In the past, there have been a number of Great Canadian debates. We've had them about conscription, confederation and the constitution, and in each circumstance resolution was made more difficult than it needed to be because of misplaced beliefs.
At the moment, the Great Canadian Debate centres on the National Hockey League lockout and again, statements are made as fact when they're no such thing.
One of the most common is the oft-expressed wish that when the lockout ends, it takes a few teams with it.
"The league is watered down," the assertion goes, "so if we can get rid of five or six teams, we'll have better hockey."
Unfortunately, the exact opposite is true. Getting rid of teams won't make the spectacle better. It will make it worse.
It's easy to assume that because there are 30 teams, the talent pool is diluted. But that assumption fails to take into account that in recent years, the talent pool has grown at a level far greater than that of previous years -- and far greater than the rate of expansion.
Europeans are taking to the game more than ever, and their coaching borders on fanaticism. Even in North America, the levels of coaching are far higher than they have ever been.
It might not be easy to see it on a year-to-year basis, but if you think of the game 10 years ago and compare it to today's, you'll find that the players are much bigger, yet they're faster, stronger and in far better condition.
If you think the talent is diluted, name a player who doesn't skate well. Name a player who doesn't have a good shot. Or can't pass. Even the enforcers can do all those things. If they can't, they don't stay in the NHL. The talent level is simply too high.
A guy like Donald Brashear is an NHL enforcer because he's an excellent fighter.
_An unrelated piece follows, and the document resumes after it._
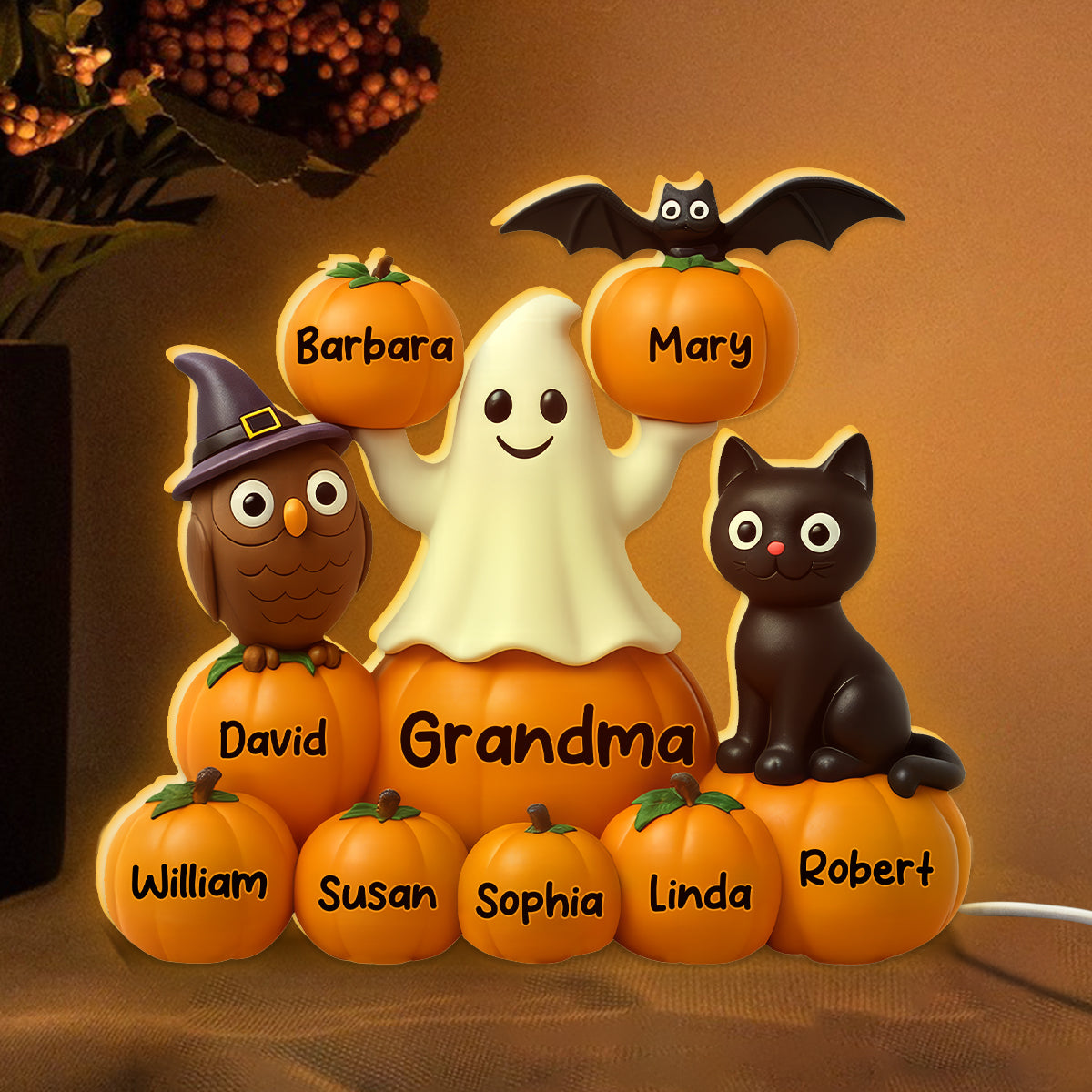 3D Effect Halloween Grandma Pumpkins Kids Names Personalized LED Light Box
But when he played for Team USA in the world championship, a tournament in which fighting is not a part of the game, he was not out of place. He showed offensive skills that many fans didn't know he had.
Certainly, there are problems with the NHL game. Certainly it is not as exciting as we would like it to be. And yes, by extension, great plays are less frequent and scoring chances are fewer.
But that's not because there's not enough talent. It's because there's too much talent.
Long gone is the a sluggish lead-footed defenceman who can be danced around by a nimble forward. Long gone is the slow, checking forward who got regular fourth-line duty 10 years ago. Long gone is the backup goalie who was guaranteed to be easy pickings against any of the quality teams.
The reason that there are so few great entertaining offensive plays is that the defenders are too good. And these days, everybody is a defender at some point in the game.
All the lower-price players can not only skate with the stars, they can match their conditioning and strength.
The coaches are smart enough to make the most of these attributes. They devise systems that call for these guys to prioritize their defensive responsibilities because they know those orders will be followed.
The players will do it because there are other skilled guys waiting in the wings, only too eager to take their place.
If the league were to drop six teams, you'd get rid of the 180 or so worst players -- and no matter how talented the league's players all are, there still has to be some who are better than the others -- and you'd make it harder still for the stars to break loose.
If the stars can't shine now, how could they do it against the guys who are half a step faster than the 180 guys who are not in the league anymore?
It is indeed possible that in the New Order, there will be fewer teams. But that won't make the hockey any better. Just the opposite.